5) Ease - is the more grounded kind of happiness - the long peaceful exhalation of everything is just….fine…. Or not: remember about agitation?

6) Concentration - remember that doesn't mean doing a math problem it's when the mind feels balanced and stable, attention stops flitting all around but can be very wide open. Internally more quiet but not dull at all: engaged. I like to say "relaxed and alert".

7) Equanimity - a lot of overlap with concentration. Unruffled, resilient. Also doesn't mean dull and blanked out there's plenty of feeling and connection in equanimity, it's like a really sensitive balance beam in a science lab, a little speck of something lands on one tray and the scale shifts but it's a self-aware scale and it knows how to adjust again so it wouldn't be so great for weighing out reagents actually. Sorry that's a very science geeky explanation. Balanced and responsive would have been plenty of words.

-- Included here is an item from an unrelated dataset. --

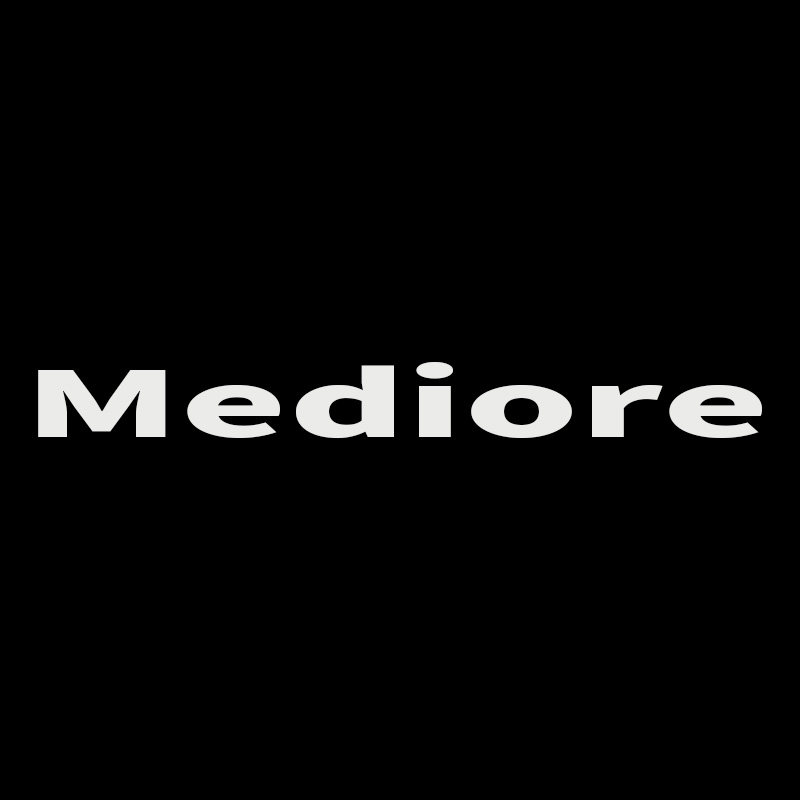 Mediore中国 正品保证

Interestingly the Buddha doesn't give a lot of tools for strengthening these positive mind states or solving the negative ones in this text: his main advice is to be aware. To notice. And there is more power in knowing that I think we can quite understand. That is the mail tool here.

Is desire present now? Sometimes it is, sometimes it isn't. Knowing this directly is a game changer. Are joy and ease present? Can I feel them, tune in be joy and ease as least for this moment?

So I don't know what should happen in Israel and Gaza now. Should the people who committed horrible acts on both sides be found and punished? Forgiven? How does any peace move forward. I don't know that.

But I do know that for our practice to be real it has to be more than just calming down, deeper understandings, and deeper change, and much humility about our blindness and limitation are need - but at the same time don't underestimate calming down - it is utterly essential. Here's a quote from the Black scholar and trauma specialist Resmaa Menakem

Few skills are more essential than the ability to settle your body. If you can settle your body, you are more likely to be calm, alert, and fully present, no matter what is going on around you. A settled body enables you to harmonize and connect with other bodies around you, while encouraging those bodies to settle as well. Gather together a large group of unsettled bodies—or assemble a group of bodies and then unsettle them—and you get a mob or a riot. But bring a large group of settled bodies together and you have a potential movement—and a potential force for tremendous good in the world. A calm settled body is the foundation for health, for healing, for helping others, and for changing the world.